44. Anayasa Mahkemesinin
Mehmet Doğan ([GK], B. No: 2014/8875, 7/6/2018) kararında, ihlal
sonucuna varıldığında ihlalin nasıl ortadan kaldırılacağının belirlenmesi
hususunda genel ilkeler belirlenmiştir.
45. Buna göre bireysel başvuru kapsamında bir temel hak ve
hürriyetin ihlal edildiğine karar verildiği takdirde ihlalin ve sonuçlarının
ortadan kaldırıldığından söz edilebilmesi için temel kural, mümkün olduğunca
eski hâle getirmenin yani ihlalden önceki duruma dönülmesinin sağlanmasıdır.
Bunun için ise öncelikle devam eden ihlalin durdurulması, ihlale konu kararın
veya işlemin ve bunların yol açtığı sonuçların ortadan kaldırılması, varsa
ihlalin sebep olduğu maddi ve manevi zararların giderilmesi, ayrıca bu bağlamda
uygun görülen diğer tedbirlerin alınması gerekmektedir (Mehmet Doğan, § 55).
46. İhlalin ve sonuçlarının ortadan kaldırılması için yapılması
gerekenlere hükmedilmeden önce ihlalin kaynağının belirlenmesi gerekir. Buna
göre ihlal; idari eylem ve işlemler, yargısal işlemler veya yasama işlemlerinden
kaynaklanabilir. İhlalin kaynağının belirlenmesi uygun giderim yolunun
belirlenebilmesi bakımından önem taşımaktadır (Mehmet
Doğan, § 57).
47. İhlalin idari eylem ve işlemden kaynaklandığı durumlarda
6216 sayılı Kanun’un 50. maddesinin (1) numaralı fıkrası uyarınca Anayasa
Mahkemesi her somut olayın koşullarını dikkate alarak yapılması gerekenlere
hükmeder. İdari eylem ve işleme karşı başvurulacak kanun yolları varsa ve bu
yollar tüketildikten sonra yapılan bireysel başvurunun incelenmesi sonucu ihlal
tespiti yapılmışsa yeniden yargılama yoluyla ilgili mahkemenin tespit edilen
ihlali ve sonuçlarını ortadan kaldırma imkânının bulunduğu durumlarda kararın
bir örneğinin ihlali ve sonuçlarını ortadan kaldırmak için yeniden yargılama
yapmak üzere ilgili mahkemeye gönderilmesine hükmedilebilir.

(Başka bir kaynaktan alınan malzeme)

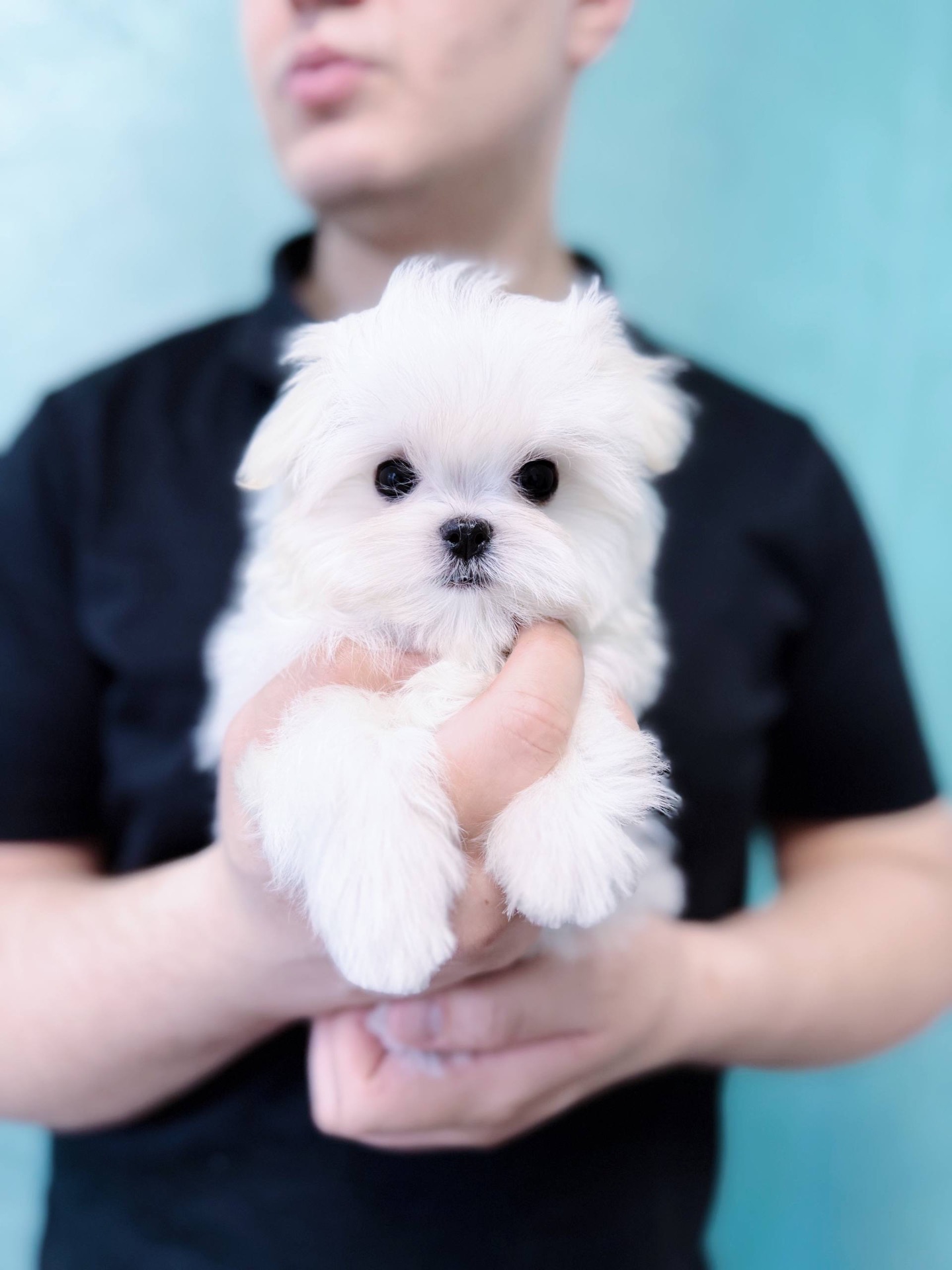 Дівчинка міні мальтезе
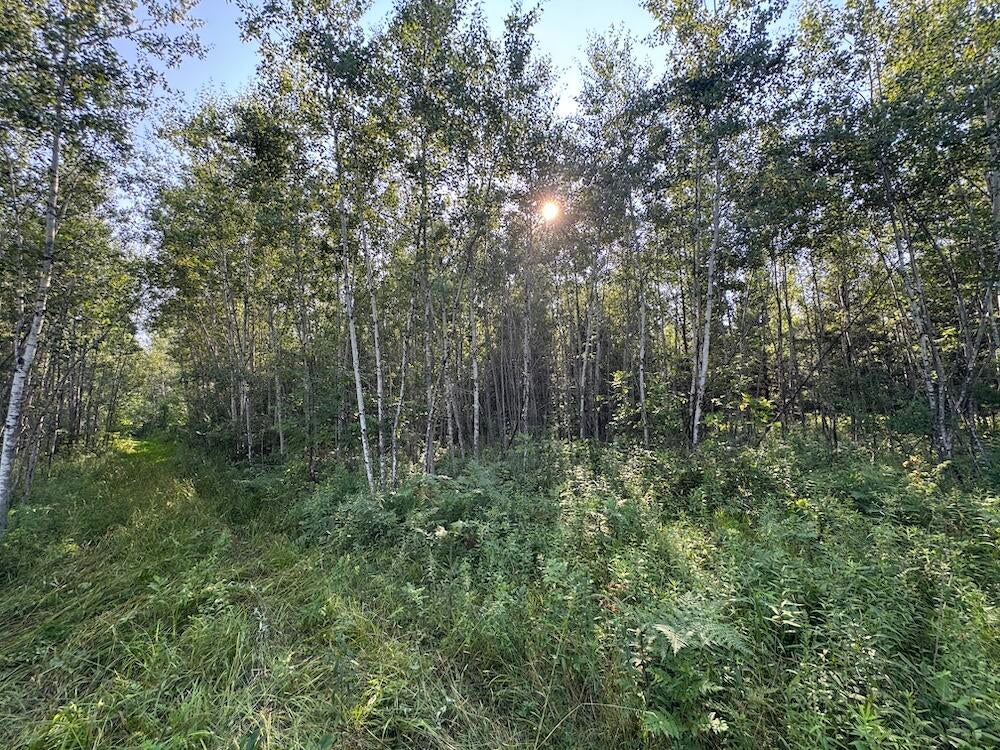 East Procunier Road Harrisville, MI 48740 - Photo 60 of 78 Gallery Image 60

48. Başvurucu yeniden yargılama yapılması talebinde bulunmuştur.
49. Anayasa Mahkemesi başvurucunun maaşından yapılan
kesintilerin daha sonra göreve iade edildiğinde enflasyon oranları karşısında
değer kaybına uğratılarak ödenmesi nedeniyle mülkiyet hakkının ihlal edildiği
sonucuna varılmıştır. Somut başvuruda ihlalin bu sebeple idari bir işlemden
kaynaklandığı anlaşılmaktadır. Bununla birlikte somut olayda söz konusu idari
işleme başvurulabilecek bir kanun yolunun mevcut olduğu, bu yolu tüketildikten
sonra bireysel başvuruda bulunulduğu görülmektedir. Buna göre başvurucunun faiz
ödenmesi için açtığı dava derece mahkemelerince reddedilmekle ihlalin sonuçları
giderilememiştir. Hâlbuki başvurucuya talebi doğrultusunda
faiz ödenmesi mülkiyet hakkının ihlaline yol açan değer kaybını giderebilecek
bir araç olarak görülmelidir.
50. Bu durumda mülkiyet hakkının ihlalinin sonuçlarının ortadan
kaldırılması için yeniden yargılama yapılmasında hukuki yarar bulunmaktadır.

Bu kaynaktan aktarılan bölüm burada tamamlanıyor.